I was in charge of the full conversion and all the lads that where training. sam2182sw


----------



## david freeman (Jan 26, 2006)

memories Boyd, Hellyer, BUT Boston, Marrs, and the others running factory ships and wet fishers out of HUll St Andrews.
The firm between Hellyer/BUT and Boston ? (on the dryside of the dock) who where they? and then the trawler firm with the Hammon Innes and Ian Flemming?, and that Nowegian Outfit with the Calydon, and Trachadon (Henriksens?)


----------



## chadburn (Jun 2, 2008)

Did you do any Telegraph time Sternchallis?


----------



## trotterdotpom (Apr 29, 2005)

#3. The trawler company with all the authors' names, i.e. Ian Fleming, was Newingtons.

John T


----------



## david freeman (Jan 26, 2006)

trotterdotpom said:


> #3. The trawler company with all the authors' names, i.e. Ian Fleming, was Newingtons.
> 
> John T


Was Hamblings the other Trawler co I was trying to remember. There factory ships began with ST (Saint).??????


----------



## trotterdotpom (Apr 29, 2005)

The trawlers called St, e.g. St Romanus, were owned by Hamlins.

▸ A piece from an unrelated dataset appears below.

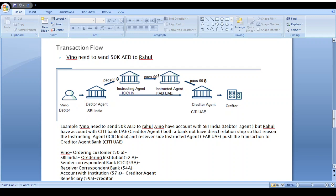Here is a transaction example: we need to send 15,000 AED from Nemo in India to Ragul in UAE. Nemo is the debtor; Nemo's debtor agent bank is SBI India. Ragul is the creditor; Ragul's creditor agent bank is Citibank UAE. Since SBI India and Citibank UAE don't have a direct relationship, they approach an instructing and instructed agent. SBI India approaches ICICI India as the instructing agent, ICICI India approaches Fab UAE as the instructed agent, and Fab UAE sends the money to Citibank UAE, which credits the amount to the creditor Ragul.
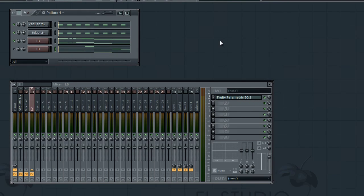Hey guys, Tyler Clark here bringing you a new tutorial this week on something that I've probably gotten over a hundred emails about in the last two or three months. The question I get is: how do you do the pumping sounds in your song? Or how do you make that wavy sound in your leads? What most people are asking about is a thing called side chaining.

For interest, here's some info on St Romanus http://hulltrawler.net/Sidewinder/Vessel - Saint/St ROMANUS H223.htm

John T


----------



## chadburn (Jun 2, 2008)

The high price that is paid to put Fish on our tables.


----------



## John Dryden (Sep 26, 2009)

It was Thomas Hamling & Co Ltd.


----------